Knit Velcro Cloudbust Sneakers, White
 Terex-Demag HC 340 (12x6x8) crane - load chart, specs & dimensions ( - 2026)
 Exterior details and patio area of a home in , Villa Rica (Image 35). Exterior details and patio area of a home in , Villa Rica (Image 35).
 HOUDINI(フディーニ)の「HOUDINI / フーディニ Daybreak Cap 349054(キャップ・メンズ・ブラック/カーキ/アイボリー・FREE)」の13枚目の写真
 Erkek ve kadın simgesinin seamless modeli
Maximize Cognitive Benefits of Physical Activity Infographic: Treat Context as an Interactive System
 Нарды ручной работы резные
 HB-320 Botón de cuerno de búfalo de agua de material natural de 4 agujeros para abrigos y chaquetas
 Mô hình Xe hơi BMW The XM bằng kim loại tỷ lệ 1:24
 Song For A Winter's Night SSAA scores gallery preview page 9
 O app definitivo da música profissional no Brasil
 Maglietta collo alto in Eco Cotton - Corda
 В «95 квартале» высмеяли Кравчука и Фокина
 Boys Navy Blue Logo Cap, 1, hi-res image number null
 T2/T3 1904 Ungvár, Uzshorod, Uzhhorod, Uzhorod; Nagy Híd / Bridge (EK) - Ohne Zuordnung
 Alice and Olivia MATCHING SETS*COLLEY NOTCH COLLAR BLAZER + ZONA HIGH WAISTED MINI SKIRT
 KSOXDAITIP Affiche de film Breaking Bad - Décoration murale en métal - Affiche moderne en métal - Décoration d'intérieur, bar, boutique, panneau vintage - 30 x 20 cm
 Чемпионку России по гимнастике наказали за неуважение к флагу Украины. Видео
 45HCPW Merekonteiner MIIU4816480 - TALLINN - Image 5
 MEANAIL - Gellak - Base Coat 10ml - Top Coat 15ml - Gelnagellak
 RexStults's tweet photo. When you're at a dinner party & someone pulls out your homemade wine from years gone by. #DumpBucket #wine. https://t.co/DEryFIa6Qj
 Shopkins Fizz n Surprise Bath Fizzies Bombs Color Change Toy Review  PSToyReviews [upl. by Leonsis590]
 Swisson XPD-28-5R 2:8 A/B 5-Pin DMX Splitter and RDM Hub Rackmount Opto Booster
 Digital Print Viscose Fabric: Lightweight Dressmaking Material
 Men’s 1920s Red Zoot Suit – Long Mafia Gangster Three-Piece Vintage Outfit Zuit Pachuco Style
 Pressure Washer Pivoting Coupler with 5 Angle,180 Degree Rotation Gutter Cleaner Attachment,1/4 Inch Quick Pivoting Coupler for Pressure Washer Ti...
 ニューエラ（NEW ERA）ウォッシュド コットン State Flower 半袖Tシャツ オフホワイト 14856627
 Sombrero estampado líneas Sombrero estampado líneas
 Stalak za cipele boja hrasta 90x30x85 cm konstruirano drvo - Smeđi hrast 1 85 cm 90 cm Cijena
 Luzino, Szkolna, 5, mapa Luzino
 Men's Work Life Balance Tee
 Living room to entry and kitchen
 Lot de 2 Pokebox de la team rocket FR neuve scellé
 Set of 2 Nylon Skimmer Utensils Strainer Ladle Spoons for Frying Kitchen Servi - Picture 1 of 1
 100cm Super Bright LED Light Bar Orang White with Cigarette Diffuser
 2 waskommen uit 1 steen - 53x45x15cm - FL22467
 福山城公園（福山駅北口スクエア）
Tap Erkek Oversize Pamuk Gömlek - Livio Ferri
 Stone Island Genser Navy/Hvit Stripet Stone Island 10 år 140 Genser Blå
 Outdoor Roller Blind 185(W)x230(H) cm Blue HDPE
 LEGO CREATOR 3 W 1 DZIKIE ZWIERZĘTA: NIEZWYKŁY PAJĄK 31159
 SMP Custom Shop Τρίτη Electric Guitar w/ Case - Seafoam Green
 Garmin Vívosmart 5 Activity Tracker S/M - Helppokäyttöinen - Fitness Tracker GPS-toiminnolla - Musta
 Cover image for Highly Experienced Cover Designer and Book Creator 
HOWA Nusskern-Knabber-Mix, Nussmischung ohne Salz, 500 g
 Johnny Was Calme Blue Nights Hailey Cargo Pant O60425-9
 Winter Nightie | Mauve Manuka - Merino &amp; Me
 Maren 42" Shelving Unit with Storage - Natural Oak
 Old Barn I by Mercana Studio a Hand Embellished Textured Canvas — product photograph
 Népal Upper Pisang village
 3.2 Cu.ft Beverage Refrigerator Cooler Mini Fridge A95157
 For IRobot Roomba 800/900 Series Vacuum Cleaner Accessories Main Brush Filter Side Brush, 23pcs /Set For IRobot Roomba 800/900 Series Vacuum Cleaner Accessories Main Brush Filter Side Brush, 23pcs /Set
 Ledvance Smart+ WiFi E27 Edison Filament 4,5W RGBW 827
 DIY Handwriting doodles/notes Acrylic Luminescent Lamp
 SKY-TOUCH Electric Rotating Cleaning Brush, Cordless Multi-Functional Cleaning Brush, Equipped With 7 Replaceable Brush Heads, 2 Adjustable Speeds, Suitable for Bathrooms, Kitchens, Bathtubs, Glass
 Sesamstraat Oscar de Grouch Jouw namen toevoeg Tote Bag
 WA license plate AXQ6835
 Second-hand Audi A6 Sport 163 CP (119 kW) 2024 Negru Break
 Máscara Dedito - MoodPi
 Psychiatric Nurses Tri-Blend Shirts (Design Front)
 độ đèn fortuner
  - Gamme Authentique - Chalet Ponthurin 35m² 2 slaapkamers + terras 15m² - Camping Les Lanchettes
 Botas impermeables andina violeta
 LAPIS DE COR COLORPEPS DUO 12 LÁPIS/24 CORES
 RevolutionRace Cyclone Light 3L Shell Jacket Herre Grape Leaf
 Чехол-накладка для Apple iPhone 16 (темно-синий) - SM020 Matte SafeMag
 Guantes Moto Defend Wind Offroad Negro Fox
______
■ **Try it**:
Take the entries above and return only the lines from the one with "RexStults's tweet photo." to the one with "Pressure Washer Pivoting", both included, unchanged.

■ **Result for this exercise**:
 RexStults's tweet photo. When you're at a dinner party & someone pulls out your homemade wine from years gone by. #DumpBucket #wine. https://t.co/DEryFIa6Qj
 Shopkins Fizz n Surprise Bath Fizzies Bombs Color Change Toy Review  PSToyReviews [upl. by Leonsis590]
 Swisson XPD-28-5R 2:8 A/B 5-Pin DMX Splitter and RDM Hub Rackmount Opto Booster
 Digital Print Viscose Fabric: Lightweight Dressmaking Material
 Men’s 1920s Red Zoot Suit – Long Mafia Gangster Three-Piece Vintage Outfit Zuit Pachuco Style
 Pressure Washer Pivoting Coupler with 5 Angle,180 Degree Rotation Gutter Cleaner Attachment,1/4 Inch Quick Pivoting Coupler for Pressure Washer Ti...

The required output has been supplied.